Perguntemos, portanto: como se procura Deus? Esta pergunta provoca vertigens. Mas façamos imediatamente um esforço para conservar a calma, isto é, para dispor o nosso espírito em vista do uso ordenado e eficiente das próprias faculdades e para experimentar a capacidade que elas têm de realizar este acto extremamente importante, da procura de Deus.

Deus não é evidente. Se julgássemos que Deus é para nós evidente, através do uso superficial e intuitivo das nossas faculdades cognoscitivas, estaríamos iludidos. Este facto explica a razão pela qual muitíssimas pessoas não crêem em Deus. As condições intelectuais do homem moderno não estão, habitualmente, predispostas para uma procura consciente de Deus, nem para o conhecimento que podemos ter d'Ele.

Possuímos tantos elementos sensíveis, figurativos, imaginativos, fantasiosos e representativos no nosso cérebro, que não conseguimos superar a esfera da experiência fácil, agradável, cheia de dados diversos, nem conduzir a nossa investigação para o campo que se encontre para além e acima desta mesma experiência.

Quando tentamos indagar a razão, o significado e o valor desta experiência multiforme e cómoda, sentimo-nos imediatamente dominados por uma babel de ideias e de nomes.

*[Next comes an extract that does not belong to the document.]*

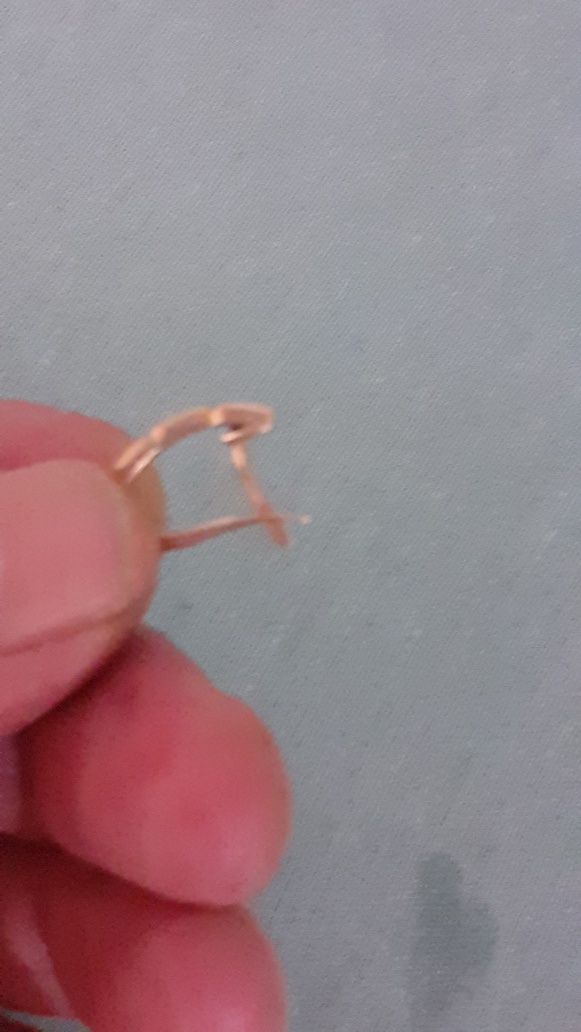 Продам золотую сережку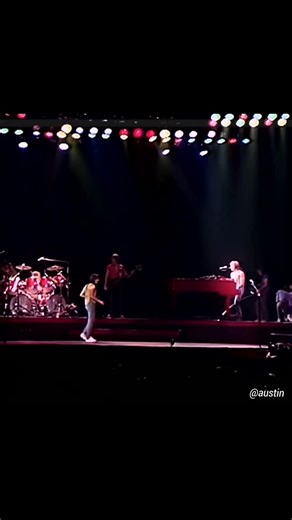 Austin Tamang on Instagram: "Journey || Don't Stop Believin' Lyrics - Just a small town girl Livin' in a lonely world She took the midnight train going anywhere Just a city boy Born and raised in South Detroit He took the midnight train going anywhere #rocknroll #grunge #softrock #heavymetal #metalrock #punkrock #hardrock #70s #80s #90s #2000s #journey #steveperry #dontstopbeliven #fearlessaustin #neffexaustin #fyp"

A racionalidade filosófica é tão rica e confusa, que, em muitas pessoas, se contenta, nos nossos dias, de ordenar històricamente as expressões do pensamento humano, e, ao máximo, de as relacionar entre si, com um fio de processo mental. A história do pensamento supre a avaliação racional e real do mesmo pensamento.

E se, pelo contrário, obrigamos o nosso pensamento a investigar o que denominamos real, detemo-nos, com o sentido de um justificado sucesso na racionalidade científica. A ciência oferece-nos um duplo domínio: o de um conhecimento seguro das coisas e o do seu uso prático, técnico e económico. É uma grande conquista, mas não é capaz de satisfazer a insaciável aspiração da razão, que deseja sempre saber mais. Não lhe basta saber como são as coisas, desejaria conhecer o porquê delas.

E, assim, chegamos a esta primeira conclusão, à qual, segundo o Nosso parecer, ninguém se deveria opor. E a seguinte: demos à razão a sua linha, o seu movimento natural, a sua força, a sua saúde e a sua função plena e superior, e ela conduzir-nos-á ao conhecimento reflexo de Deus, do qual fala São Paulo: « por meio das coisas visíveis, pode-se chegar a um conhecimento certo e seguro do Deus invisível» (cfr. Rom 1, 20). E o I Concílio do Vaticano confirma-o, reivindicando para a razão humana a capacidade de conhecer um pouco de Deus, por meio do conhecimento das criaturas (cfr. DS. 2004).

Confiança na capacidade cognoscitiva do homem

Por outras palavras: é preciso fazer um recto uso da razão, é preciso proporcionar-lhe, de novo, um funcionamento lógico realmente normal e eficaz, é preciso ter novamente confiança nela. Não devemos abusar, a nosso bel-prazer, deste dom, destes olhos que foram feitos para a conquista da verdade. A inteligência tem um papel insubstituível na religião, um lugar de honra, uma função elevadíssima.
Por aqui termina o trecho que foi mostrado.